**ENTRIES SUPPLIED**.
----------------------------------------
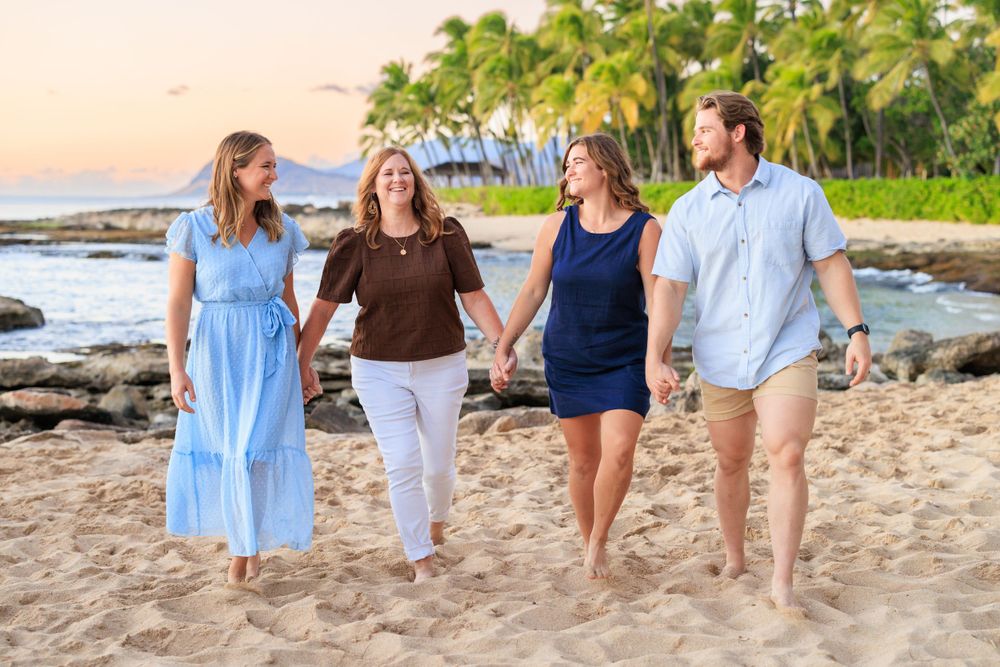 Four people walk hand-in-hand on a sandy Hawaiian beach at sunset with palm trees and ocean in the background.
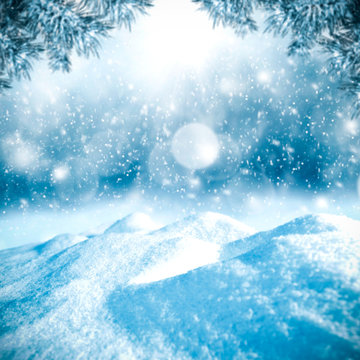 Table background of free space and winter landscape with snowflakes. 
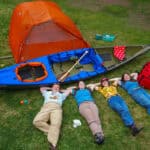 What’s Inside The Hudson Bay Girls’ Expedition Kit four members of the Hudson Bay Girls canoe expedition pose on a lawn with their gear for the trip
----------------------------------------
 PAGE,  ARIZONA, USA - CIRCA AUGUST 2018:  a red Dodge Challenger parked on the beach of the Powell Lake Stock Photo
----------------------------------------
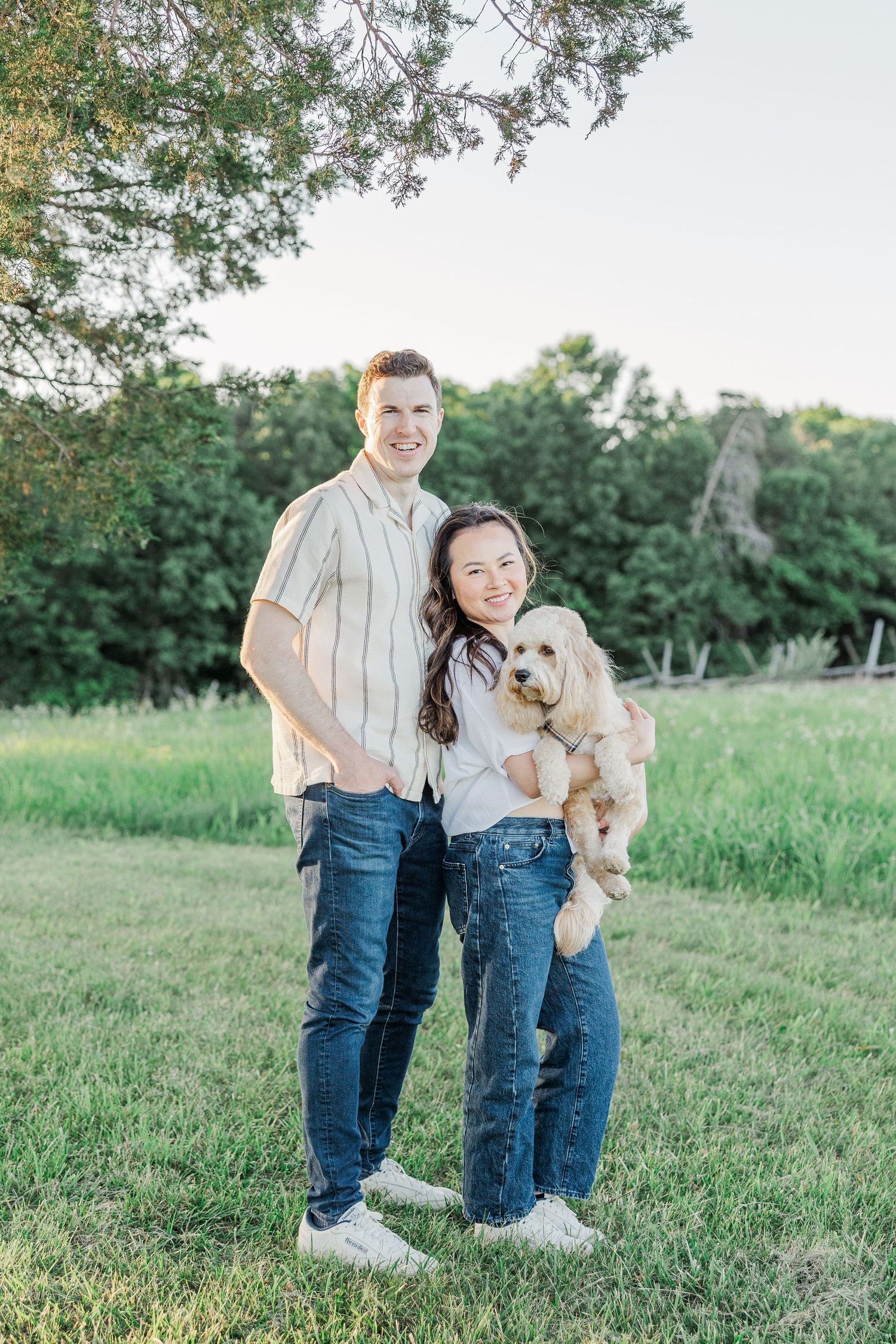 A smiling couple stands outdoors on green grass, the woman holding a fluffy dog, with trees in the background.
----------------------------------------
**WHAT THIS TASK INVOLVES**.
The copy should hold exactly the lines above from the one with "Table background of" through the one with "What’s Inside The", both ends counted, and no pictures at all.

**RESPONSE TO THIS EXERCISE**.
 Table background of free space and winter landscape with snowflakes. 
 What’s Inside The Hudson Bay Girls’ Expedition Kit four members of the Hudson Bay Girls canoe expedition pose on a lawn with their gear for the trip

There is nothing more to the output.